Parallel.ForEach Slower than ForEach

Mike Diaz picture Mike Diaz · May 17, 2011 · Viewed 23.2k times · Source

Here is the code:

using (var context = new AventureWorksDataContext())
{
    IEnumerable<Customer> _customerQuery = from c in context.Customers
                                           where c.FirstName.StartsWith("A")
                                           select c;

    var watch = new Stopwatch();
    watch.Start();

    var result = Parallel.ForEach(_customerQuery, c => Console.WriteLine(c.FirstName));

    watch.Stop();
    Debug.WriteLine(watch.ElapsedMilliseconds);

    watch = new Stopwatch();
    watch.Start();

    foreach (var customer in _customerQuery)
    {
        Console.WriteLine(customer.FirstName);
    }

    watch.Stop();
    Debug.WriteLine(watch.ElapsedMilliseconds);
}

The problem is, Parallel.ForEach takes about 400ms vs a regular foreach, which takes about 40ms. What exactly am I doing wrong and why doesn't this work as I expect it to?

Answer

Eric Lippert picture Eric Lippert · May 17, 2011

Suppose you have a task to perform. Let's say you're a math teacher and you have twenty papers to grade. It takes you two minutes to grade a paper, so it's going to take you about forty minutes.

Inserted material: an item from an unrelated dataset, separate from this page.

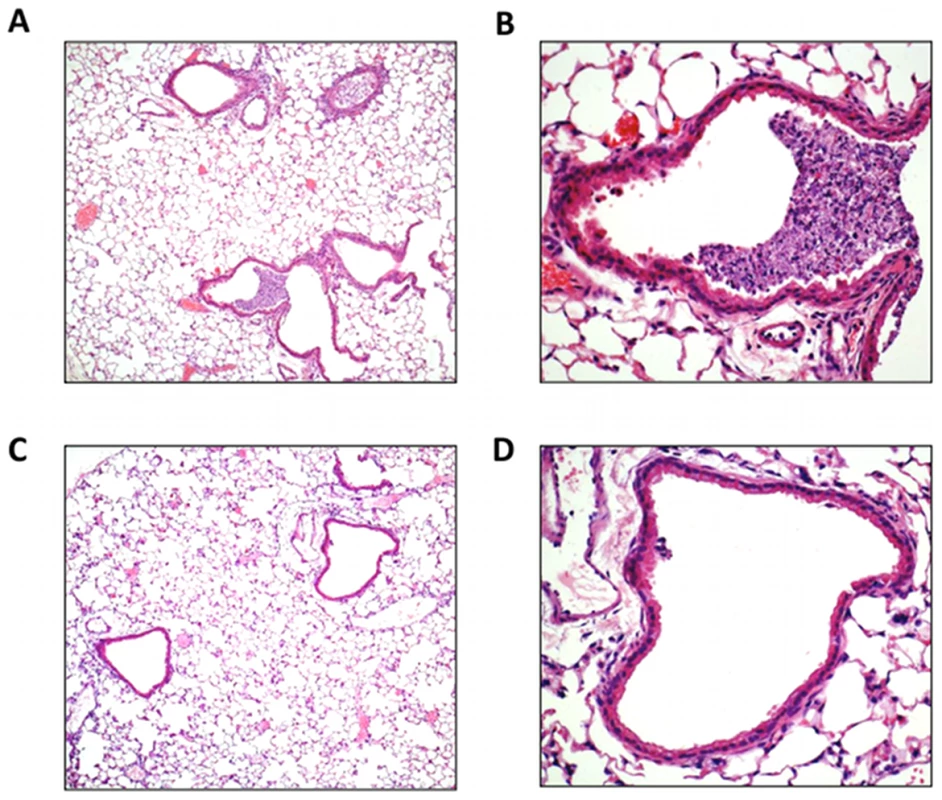 Lung histology in response to H3N2 (X-31) influenza A virus infection.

Now let's suppose that you decide to hire some assistants to help you grade papers. It takes you an hour to locate four assistants. You each take four papers and you are all done in eight minutes. You've traded 40 minutes of work for 68 total minutes of work including the extra hour to find the assistants, so this isn't a savings. The overhead of finding the assistants is larger than the cost of doing the work yourself.

Now suppose you have twenty thousand papers to grade, so it is going to take you about 40000 minutes. Now if you spend an hour finding assistants, that's a win. You each take 4000 papers and are done in a total of 8060 minutes instead of 40000 minutes, a savings of almost a factor of 5. The overhead of finding the assistants is basically irrelevant.

Parallelization is not free. The cost of splitting up work amongst different threads needs to be tiny compared to the amount of work done per thread.